NT News: Jabiru jump start in wake of toxic spill
10th April 2014
By Connor Byrne
URANIUM producer Energy Resources Australia is preparing to get its Jabiru plant running again after a leach tank ruptured and spilt a million litres of toxic slurry at the Ranger mine in December. Board members voted its readiness plan to be complete this month at the annual general meeting in SkyCity Casino in Darwin yesterday. But the Rio Tinto-owned plant must still get regulator approval from the NT and federal governments. Chief executive Andrea Sutton said in her address: “With the leach tank incident in December there were questions raised about our environmental performance. “Ongoing monitoring has confirmed that the surrounding area has not been affected and that there has been no impact on Kakadu National Park.”
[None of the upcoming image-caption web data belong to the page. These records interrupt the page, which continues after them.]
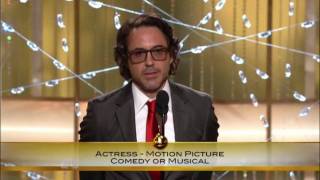 Robert Downey Jr: Golden Globe Awards 2011 speech, FULL, HQ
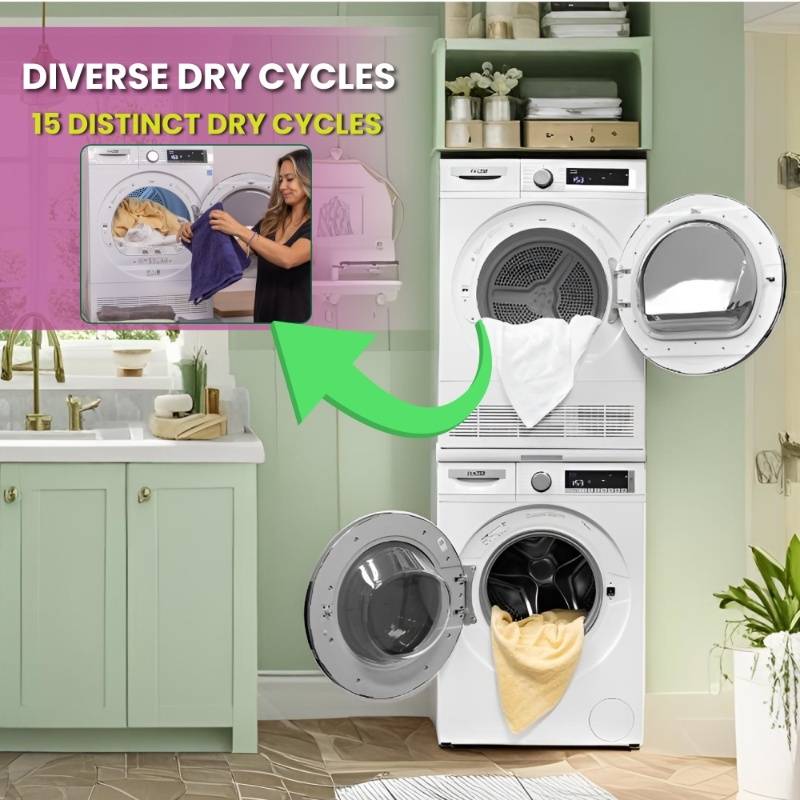 Lavadora Conserv Luxe de 2.2 pies cúbicos 110V + Secadora de condensación de 4 pies cúbicos 220V, garantía de 2 años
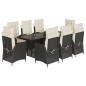 vidaXL 9-tlg. Garten-Essgruppe mit Kissen Schwarz Poly Rattan vidaXL 9-tlg. Garten-Essgruppe mit Kissen Schwarz Poly Rattan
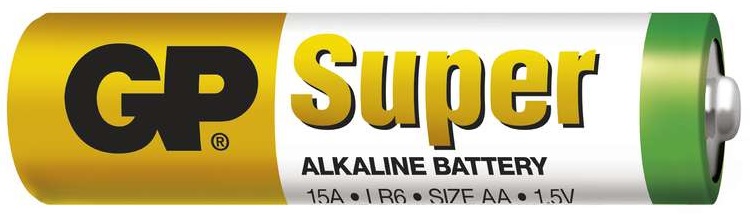 Gp batteries alkalická bateria gp super lr6 (aa) 4 ks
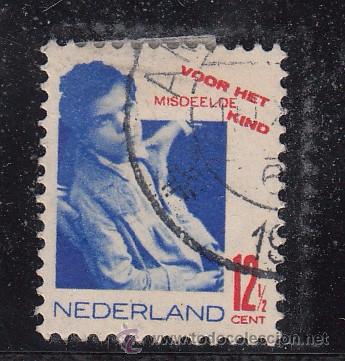 Sellos: holanda  240 usada, pro infancia, - Foto 1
“In addition to the operational impact of the leach tank incident and suspension of processing the overall business environment for uranium producers remains difficult. “The uranium market remains weak for producers with low spot prices continuing.
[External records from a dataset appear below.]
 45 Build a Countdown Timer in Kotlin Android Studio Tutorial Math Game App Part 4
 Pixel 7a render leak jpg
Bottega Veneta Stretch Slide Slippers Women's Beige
“Given this challenging business environment ERA has continued to focus on re-shaping the business for leaner operations. “The business review conducted in 2011 targeted $150 million in cost savings by the end of 2014 and we are well on track to reaching those targeted savings” ERA is constructing its $120 million Ranger 3 Deeps mine But Environment Centre NT – which is a proxy shareholder had representatives in the meeting and were protesting on the lawn outside all day. ECNT anti-nuclear campaigner Cat Beaton said she questioned the funding availability for rehabilitation, as the annual report indicated there may not be enough money to rehabilitate unless the Ranger 3 Deeps mine is developed. “That’s an issue that makes us very nervous,” she said.
ECNT director Stuart Blanch, also in the meeting, said: “They were being evasive and said they clearly don’t have money in the bank. “It’s R3 Deeps or inadequate rehab. Gun to the head. It’s a business in terminal decline unable to change it’s course.”